But it also requires me to make some midcourse corrections and adjustments. And how those play themselves out over the next several months will be a matter of me being in discussions with the Republican Party, which is now going to be controlling the House of Representatives. And there are going to be areas where we disagree and hopefully there are going to be some areas where we agree.

Now, you asked specifically, how do I think it will affect policy towards India. I actually think that the United States has a enormous fondness for India, partly because there are so many Indian-Americans and because of the shared values that we have. And so there is a strong bipartisan belief that India is going to be a critical partner with the United States in the 21st century. That was true when George Bush was President. That was true when Bill Clinton was President. It was true under Democratic and Republican control of Congress.
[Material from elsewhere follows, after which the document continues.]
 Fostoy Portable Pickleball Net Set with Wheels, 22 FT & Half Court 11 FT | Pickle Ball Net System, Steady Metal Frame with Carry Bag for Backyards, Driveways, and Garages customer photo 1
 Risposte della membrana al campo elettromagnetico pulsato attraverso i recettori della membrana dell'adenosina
So I don’t think that fundamental belief is going to be altered in any significant way. I do think that one of the challenges that we’re going to be facing in the United States is at a time when we’re still recovering from this crisis, how do we respond to some of the challenges of globalization? Because the fact of the matter is, is that for most of my lifetime -- I’ll turn 50 next year -- for most of my lifetime, the United States was such a dominant economic power, we were such a large market, our industry, our technology, our manufacturing was so significant that we always met the rest of the world economically on our terms. And now, because of the incredible rise of India and China and Brazil and other countries, the United States remains the largest economic and the largest market but there’s real competition out there.

And that's potentially healthy. It makes -- Michelle was saying earlier I like tough questions because it keeps me on my toes. Well, this will keep America on its toes. And I'm positive we can compete because we've got the most open, most dynamic entrepreneurial culture; we've got some of the finest universities in the world; incredible research and technology. But it means that we're going to have to compete.
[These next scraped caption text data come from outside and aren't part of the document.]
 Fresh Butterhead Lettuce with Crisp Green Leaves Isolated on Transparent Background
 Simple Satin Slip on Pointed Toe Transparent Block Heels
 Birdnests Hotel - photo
And I think that there’s going to be a tug of war within the United States between those who see globalization as a threat and want to retrench, and those who accept that we live in a open, integrated world which has challenges and opportunities and we've got to manage those challenges and manage those opportunities, but we shouldn’t be afraid of them.
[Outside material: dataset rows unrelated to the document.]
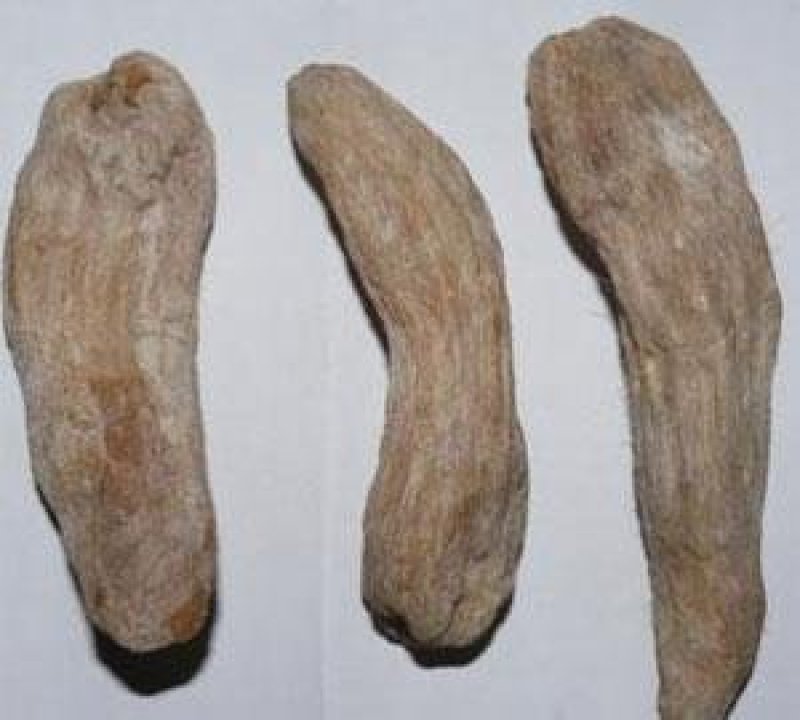 芭蕉根,产地直供，质优价实，品质保证，药典标准道地良药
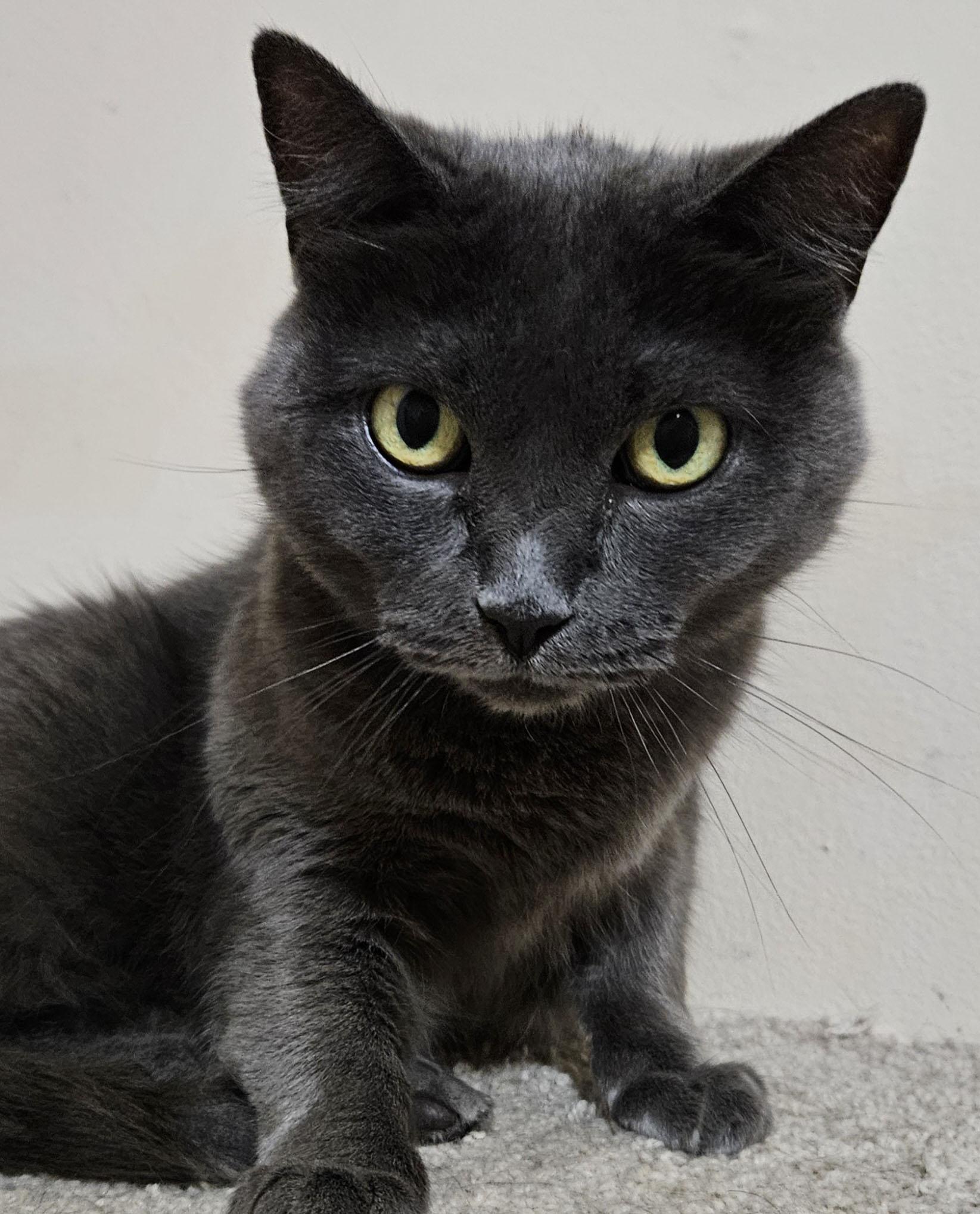 Jazzy, a Adoptable Domestic Short Hair in Milwaukee, WI image 2/6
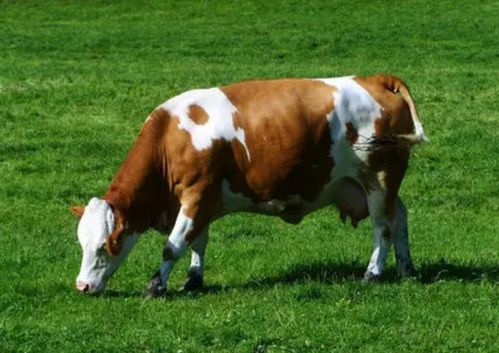 牛不好好吃草是啥原因 瘦牛不爱吃草怎么办 注意做好这三点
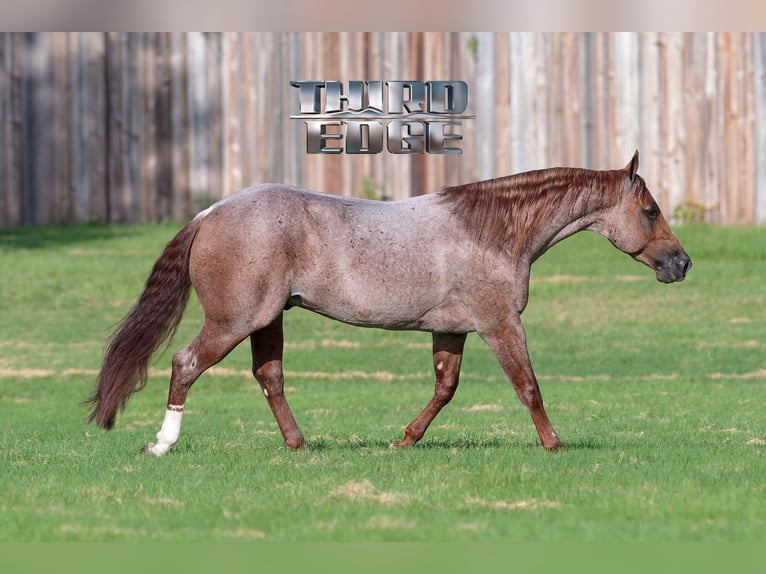 American Quarter Horse Merrie 18 Jaar 142 cm Roodvos in Whitesboro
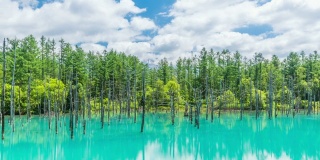 时光流逝美丽的蓝色池塘(aoilike)与反射云和蓝天在北，日本北海道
And so what that means, for example, is on issues of trade, part of the reason I'm traveling through Asia this week is I believe that the United States will grow and prosper if we are trading with Asia. It’s the fastest-growing region in the world. We want access to your markets. We think we've got good products to sell; you think that you’ve got good products to sell us. This can be a win-win situation.

So I want to make sure that we're here because this will create jobs in the United States and it can create jobs in India. But that means that we've got to negotiate this changing relationship. Back in the 1960s or ‘70s, the truth is the American economy could be open even if our trading partners’ economies weren’t open. So if India was protecting certain sectors of its economy, it didn’t really have such a big effect on us. We didn’t need necessarily reciprocity because our economy was so much larger.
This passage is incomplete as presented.